CHEGAVA A SER COMOVENTE

Na época em que a minha família morou na cidade de Cachoeiro de Itapemirim, no glorioso Estado do Espírito Santo, onde tive a boa fortuna de nascer, durante alguns anos o meu pai foi proprietário de uma pequena empresa de construção civil e terraplenagem. Em razão disto, além dos operadores de máquinas, motoristas, mecânicos e auxiliares, ele teve, a seu serviço, um ajudante de tratorista que se chamava Zé Silva.

            Era um pretinho desses de pequena estatura, esbelto e com uns olhos negros que nem jabuticaba, apressado no cumprimento das ordens, ainda que um tanto atrapalhado, tal a sua vontade de dar cabo das tarefas que lhe eram determinadas.

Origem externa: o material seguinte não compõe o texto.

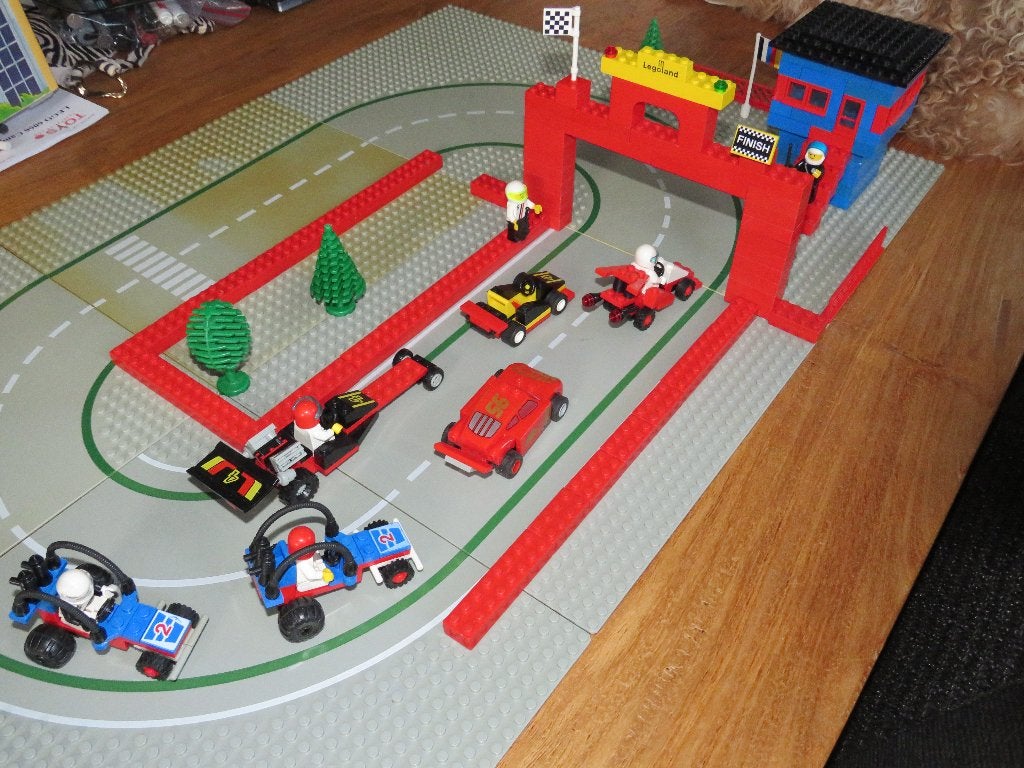 Lego Racebaan met diverse racewagens en control tower, Gebruikt, Lego, Ophalen of Verzenden, Inclusief minifiguren
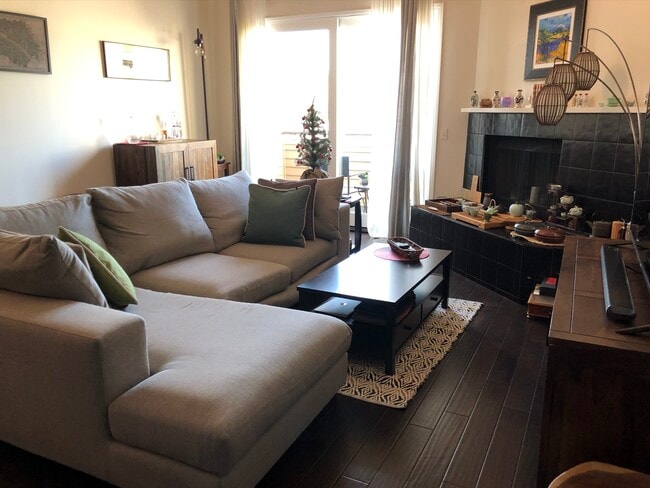 Living Room with Fireplace - 1808 Manning Ave Unit 302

            Embora meus irmãos e eu fôssemos apenas crianças naquela época, vendo à distância e depois de tanto tempo, posso avaliar que ele não deveria ter mais do que uns vinte ou vinte e poucos anos. Mas o fato é que, por suas tiradas, perguntas, respostas e reações, o Zé Silva acabou se transformando num tipo meio folclórico, nas lembranças de todos nós.
            O meu pai sempre foi muito cauteloso, com quem trabalhava para ele, no sentido de não deixar que o empregado se descontrolasse com as próprias finanças. Talvez, porque soubesse que um trabalhador atormentado por dívidas e compromissos, não consegue se concentrar no trabalho e nem ser totalmente produtivo. Assim, mantinha um rigoroso controle sobre os "vales" e "adiantamentos" concedidos, para que o empregando não chegasse ao final do mês sem algum saldo de salário que, lhe garantisse o pagamento das contas no armazém, açougue ou padaria.

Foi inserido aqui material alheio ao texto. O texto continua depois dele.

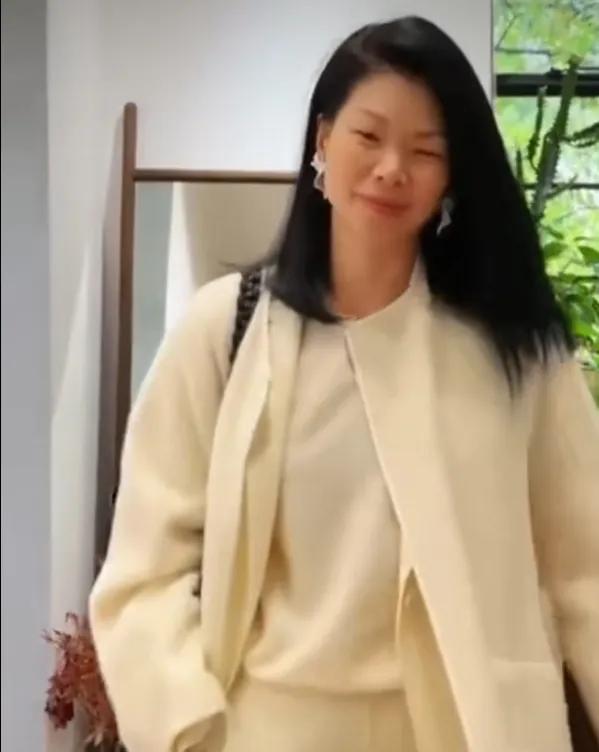 吕燕，模样不太入眼，却生就高高的个头，瘦瘦的身材，站在人群中，非常扎眼，回头率极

            Deu-se, porém, que num sábado, dia em que fazia o pagamento aos empregados, apresentou-se muito arrumado, para o recebimento da quinzena, o Zé Silva, que, sem nenhuma pressa aparente, foi deixando que os outros fossem pagos primeiro. Ficou para o final da fila e, ao entrar no escritório, depois de receber e conferir o conteúdo do seu envelope, um pouco hesitante, perguntou ao meu pai:
            — Seu João, será que o senhor podia me adiantar um dinheiro do próximo pagamento?
            Preocupado que ele pudesse estar metendo os pés pelas mãos, o patrão quis saber:
            — E para quê você precisa de mais dinheiro, Zé Silva? Não está acabando de receber o seu pagamento?
            Um pouco envergonhado, o pretinho baixou aqueles olhos de jabuticaba até o chão e explicou:
            — É que eu namoro uma moça aí e como "aconteceram umas coisas", eu estou precisando "limpá o meu caráte".
            Como para um bom entendedor meia palavra basta, o meu pai só fez perguntar:
           — E de quanto você precisa para "limpar o seu caráter", Zé?
            — De uns cem cruzeiros, seu João.
            No dinheiro de hoje, eu não saberia mais fazer a conversão, mas era bem pouco, pelo que me lembro, quando ouvi esta história pela primeira vez. Algo como uns trezentos reais, se tanto, na moeda de agora. E, claro, o pedido do Zé Silva foi atendido.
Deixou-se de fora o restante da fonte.